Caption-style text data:
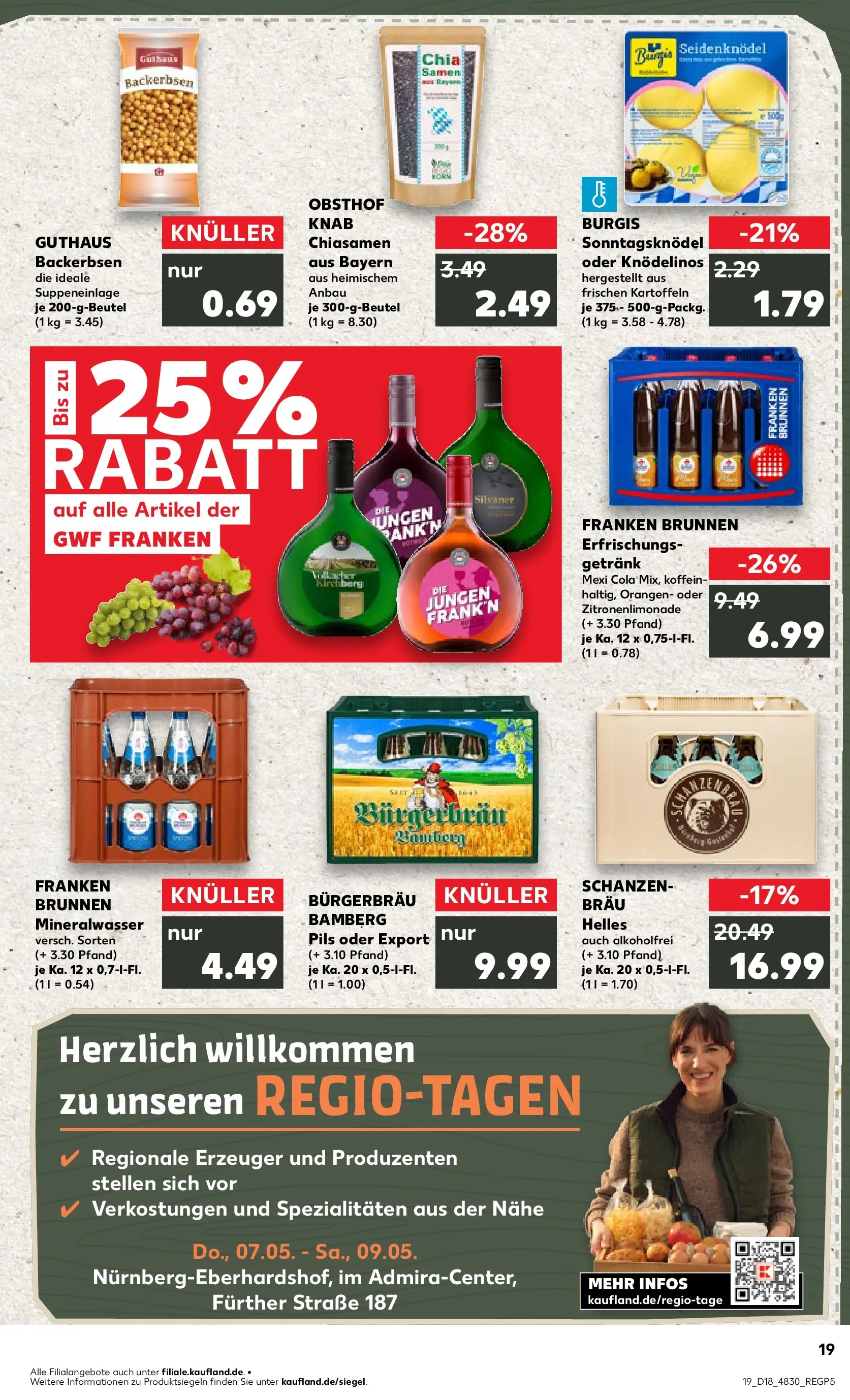 Prospekt Kaufland ab 30.04.2026 » Angebote Online zum Blättern | Seite: 19 | Produkte: Cola, Pils, Mineralwasser, Kartoffeln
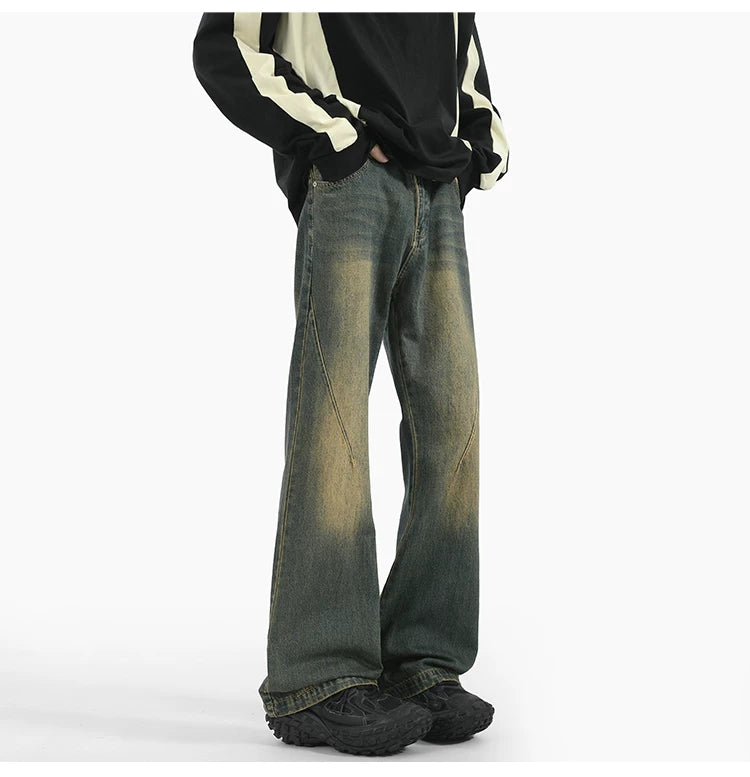 Sunfade Arc Flare Denim Pants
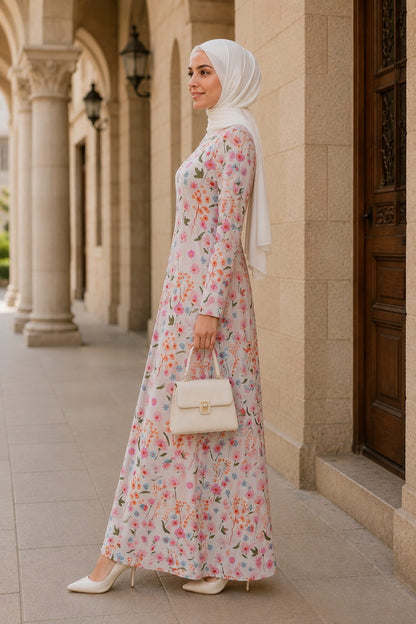 Printed Crepe Abaya AYP-647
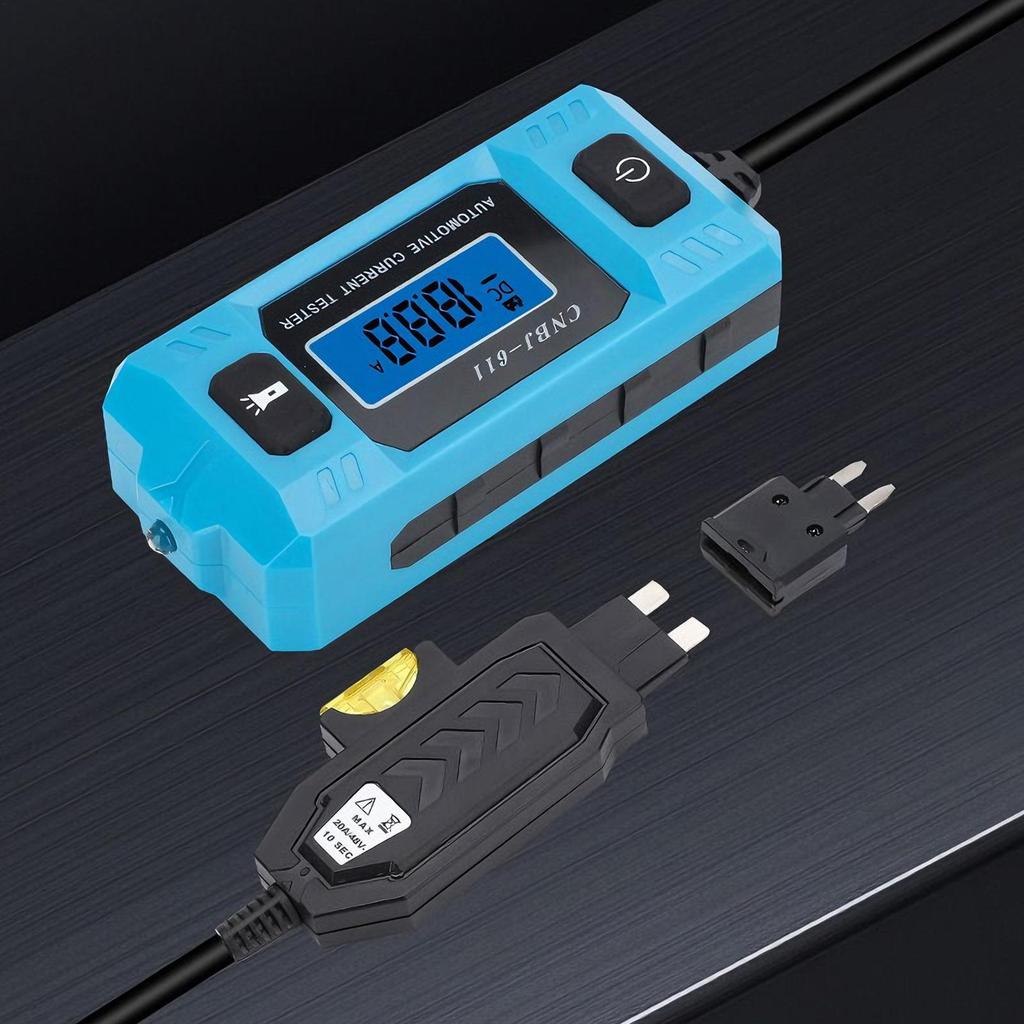 Automotive Circuit Fault Probe Tester 20A 48V Short Finder With Front Light High-Precision Car Fuse Tester With LCD Screen For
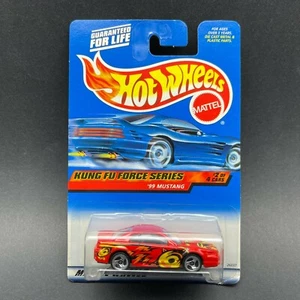 Hot Wheels Kung Fu Force 1999 '99 Ford Mustang Car Red Diecast 1/64 Scale #034 - Picture 1 of 5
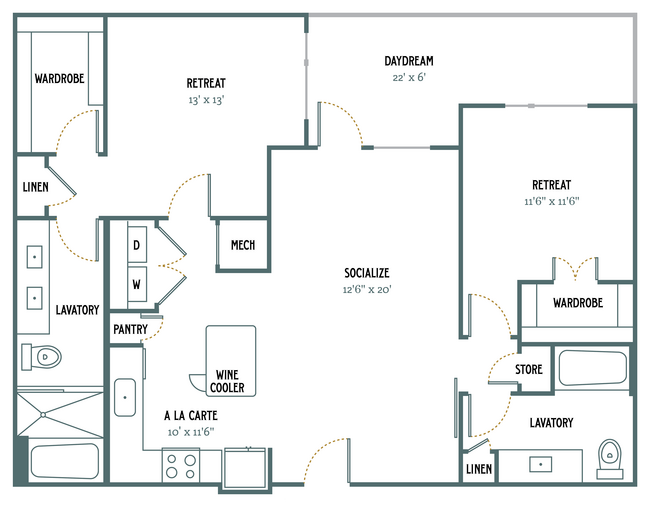 Floorplan - Gatsby on Ross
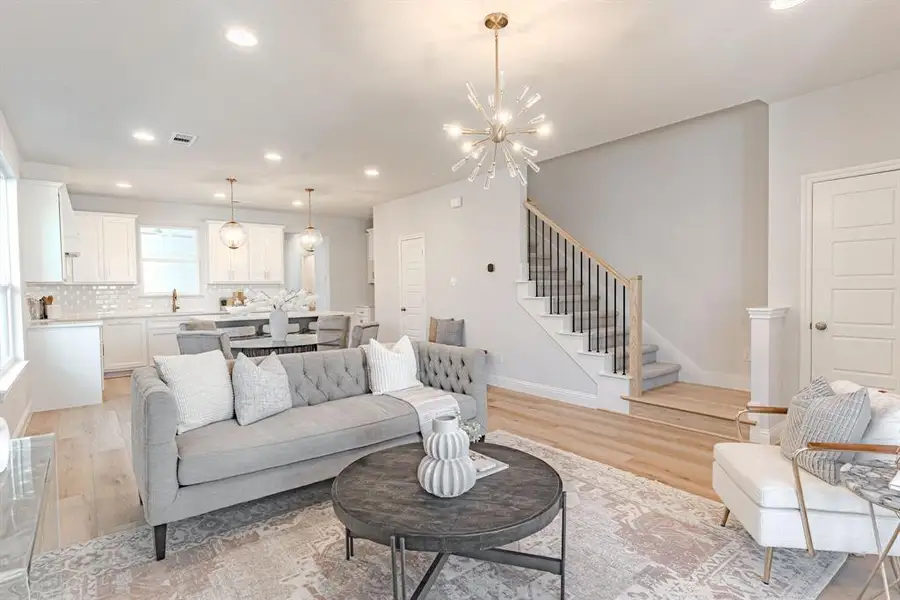 Furnished interior view inside a new home in , Fort Worth (Image 15).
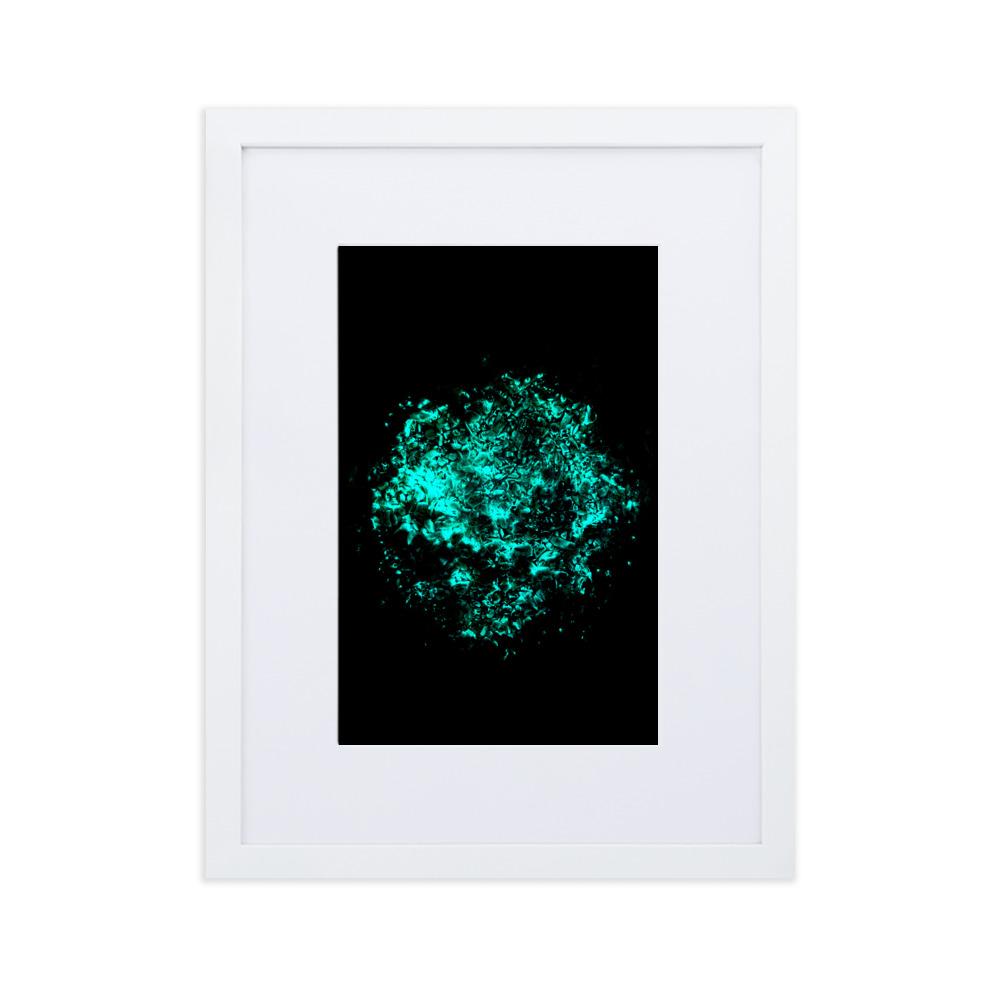 Emerald Planet - Poster im Rahmen mit Passepartout Weiß / 30×40 cm artlia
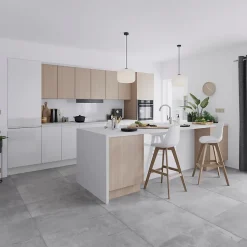 Porte de colonne de cuisine Garcinia blanc brillant L. 60 cm x H. 87 cm GoodHome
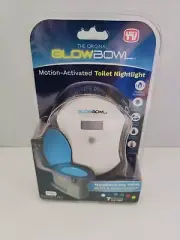 The Original Glowbowl Light Motion Activated Toilet Nightlight With 7 Colors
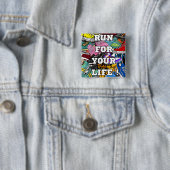 Bold Pop Art Runner Jogger Button (Beispiel)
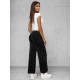Women's black wide velvet trousers Metal JS/92K519/3 - Jeans and Trousers Women's black wide velvet trousers Metal JS/92K519/3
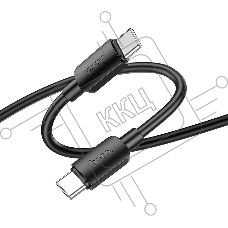 Кабель Hoco X96 Hyper TYPE-C TO TYPE-C USB Type-C (m)-USB Type-C (m) 1м черный коробка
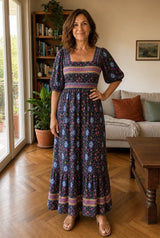 Ginevra | Vestido Maxi Floral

TASK:
Output nothing but the entries above, exactly, once the pictures are removed.

YOUR SOLUTION:
 Prospekt Kaufland ab 30.04.2026 » Angebote Online zum Blättern | Seite: 19 | Produkte: Cola, Pils, Mineralwasser, Kartoffeln
 Sunfade Arc Flare Denim Pants
 Printed Crepe Abaya AYP-647
 Automotive Circuit Fault Probe Tester 20A 48V Short Finder With Front Light High-Precision Car Fuse Tester With LCD Screen For
 Hot Wheels Kung Fu Force 1999 '99 Ford Mustang Car Red Diecast 1/64 Scale #034 - Picture 1 of 5
 Floorplan - Gatsby on Ross
 Furnished interior view inside a new home in , Fort Worth (Image 15).
 Emerald Planet - Poster im Rahmen mit Passepartout Weiß / 30×40 cm artlia
 Porte de colonne de cuisine Garcinia blanc brillant L. 60 cm x H. 87 cm GoodHome
 The Original Glowbowl Light Motion Activated Toilet Nightlight With 7 Colors
 Bold Pop Art Runner Jogger Button (Beispiel)
Women's black wide velvet trousers Metal JS/92K519/3 - Jeans and Trousers Women's black wide velvet trousers Metal JS/92K519/3
 Кабель Hoco X96 Hyper TYPE-C TO TYPE-C USB Type-C (m)-USB Type-C (m) 1м черный коробка
 Ginevra | Vestido Maxi Floral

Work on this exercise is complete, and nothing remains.